Society’s attitude towards same-sex relationships is still extremely variable. In a laudable attempt to inform and educate children about the infinite variety (within reason) of types of relationship, to bring understanding and tolerance to those who do not fall into what is viewed as “conventional” as far as adult relationships are concerned, schools are attempting to conform to the Equality Act by teaching children to be more accepting and that people on the fringes of society that are frequently marginalised such as the disabled, other races, the elderly and members of the LGBT community have every right to be treated fairly. More than one school has been faced with irate parents, who adhere to various faiths, which do not accept any alternative to conventional marriage and particularly consider those from the LGBT community unacceptable. A representative of Haredi Jews (a term applied to a broad spectrum of Othodox Jews) stated that Haredi Jews would leave the UK if faith schools were forced to teach LGBT issues such as gender re-assignment and same-sex marriage. Devout Christians and Muslims frequently share the same views and vigorously resist the exposure of their children to such issues.

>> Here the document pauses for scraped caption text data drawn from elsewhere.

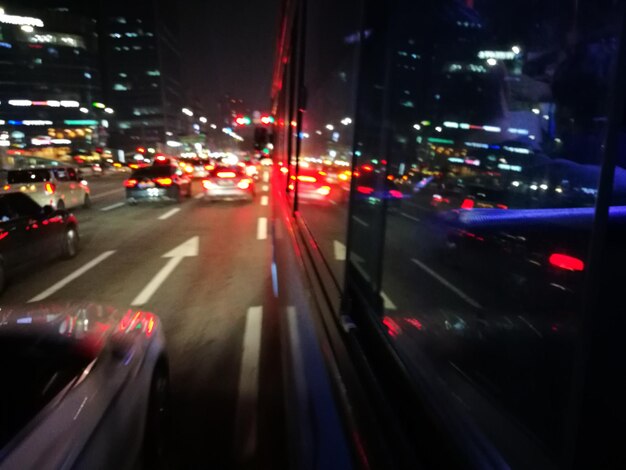 Foto sentieri di semafori sulla strada in città di notte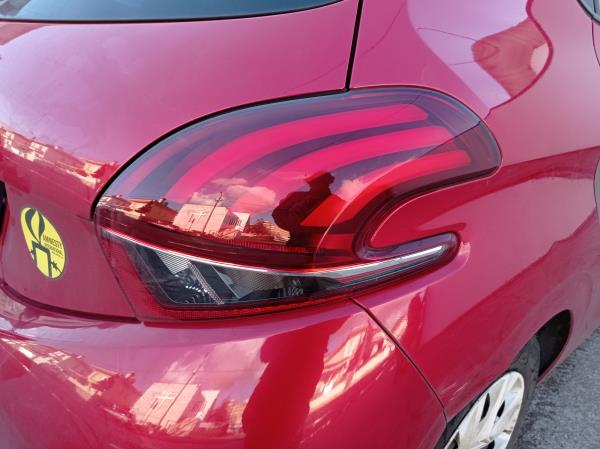 208 PEUGEOT 208 Imagem-33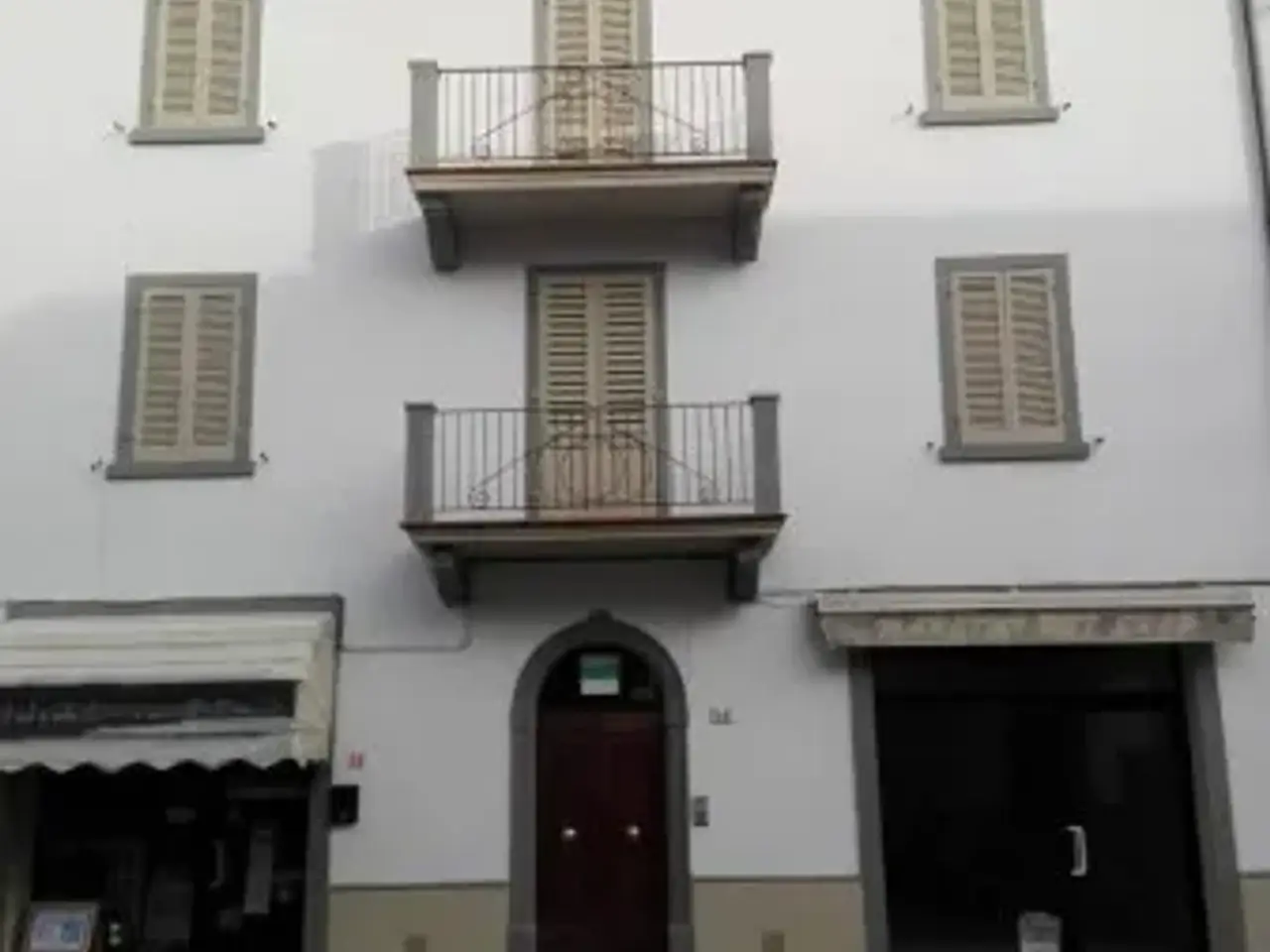 Negozio in Via Giuseppe Bocci 49, Bibbiena, {3} - Foto 1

Such unreasonable prejudices can be found from the top to the bottom of society; from MP Sir David Amess who is a fervent supporter of animal rights, however he strongly disapproves of LGBT rights to the individuals who stand on the football terraces and chant homophobic insults at players, often regardless of whether the player is gay or not.
Sport is a great leveller; people from all walks of life comprise the fan base of every sport, of all places the field of sport should be completely focused on ability and nothing else. There has been considerable progress towards eliminating racism in sport but very little advancement in eradicating homophobia. John Fashanu’s daughter, Amal Fashanu, is launching a campaign with her father to launch a foundation, Justin Fashanu’s name, aimed at eliminating racial and homophobic abuse in football. Justin Fashanu, the only premiership footballer to come out during the course of his career, faced appalling treatment following his revelation but his brother John was also subject to vicious insults and abuse from the terraces despite the fact he was not gay. Graham Le Saux, a married man with a family, was subject to similarly unfounded homophobic chanting, fuelled by Robbie Fowler. Amal hopes to carry out a programme within schools to educate youngsters about what happened to her family and the toxic effect of prejudice.
Gareth Thomas, the rugby international who came out during his playing career, has pioneered a Code of Conduct (which Giambrone had the privilege to draft through Gay Lawyers) to outlaw homophobia within the grounds to be adopted by all football clubs. He has also been instrumental in encouraging Damian Collins to support a Private Member’s Bill to amend the Football Offences Act to include homophobia.
The international study on homophobia in sport, “Out on the Fields”, found that 80% of the respondents had witnessed homophobia and 54% of LGBT sportsmen and women had been on the receiving end of homophobia and interestingly 28% of straight sportsmen had also been targeted. The homophobia took the form of verbal slurs, bullying, verbal threats and physical attacks.
Attitudes will never change without informed discussion and children need to be educated as to what is and is not acceptable with regard to prejudicial behaviour of any type. All the time adherents of certain faiths, who themselves have the right to the expression of faith their defended and supported by Society, attempt to prevent the education of their children on the acceptance of all members of society there will be little progress made.